You're very fortunate to have a friend who brings over dessert. I want a friend like that. LOL!!
Have a wonderful day and don't forget to come back often.
Take good care,
Renee
Katie says
These are so fun to make and have the perfect punch of lemon! These are a go to dessert for us.
Renée says
Awesome, Katie. Glad to hear it!!
Hanna says
These are absolutely adorable. I love using the phyllo dough on these. Such an easy and fun dessert!
Renée says
Phyllo dough is the way to go 🙂
Ambby says
I couldnt find puff pastry anywhere here so I just used the frozen pie dough I had in the freezer rolled out thin. I brought these to a wedding shower. They were a huge hit. I presented them on my grandmas silver plater with lacy bakery liner & tiny silver wedding bell cuplets all around the plate edge. People loved how pretty they were but as delicate finger dessert they were most loved. Sent everyone asking for recipe your link. Naturally I had to taste test one first
( It was hard not to nimble another) Heres the 1 bad point: I didnt get a picture! Im hoping someone else did. Im sure I'll be making them again.
Renée says
Next time you make these, I'd love to see a photo. Glad you enjoyed them, Ambby.
Take good care,
Renee
Isabelle @ Crumb says
These are just too cute for words! I'm a huge fan of lemon meringue pie, but I rarely make it at home because it's so time-consuming, so I'm loving the idea of using mini phyllo shells filled with cooked lemon curd as a shortcut... all the taste, half the effort! 🙂 (And really, any excuse to bust out the kitchen torch is fine by me.)
Angie Barrett says
I've been meaning to splurge on a good chef's culinary torch but it always slips my mind until right when I need it! Such perfect little lemon bite!! Ps, those butterfly glasses are adorable!
Erin Dee says
These are so cute! I wish we had those phyllo shells or sheets here. They're so practical!
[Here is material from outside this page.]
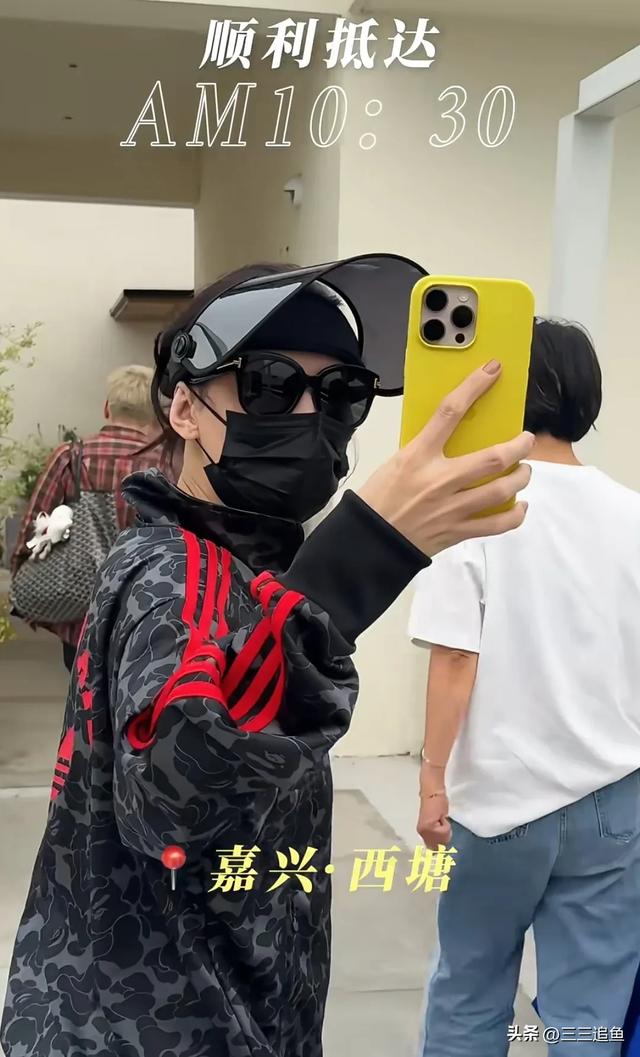 谢霆锋喷鼻
港开唱，王菲全副武装坐角落，张柏芝独自一人在嘉兴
Martha @ A Family Feast says
I love lemon tarts - and I adore the browned meringue on top!
Back for Seconds says
I'm with you - I just love lemon desserts! These look delightful!
Paula-bell'alimento says
Lemon meringue is my absolutely most favorite pie in the world. Love this mini version!
Kellie Hemmerly says
They are absolutely darling! And your glasses are beautiful. So much talent here!
Cookin' Canuck says
I've made lemon meringue tartlets with those phyllo shells, too and they work out perfectly (though I cheated and used store-bought lemon curd...I need to try your recipe).
Carolyn Ketchum says
Oh my gosh, your butterfly glasses are so lovely! And who doesn't love lemon meringue?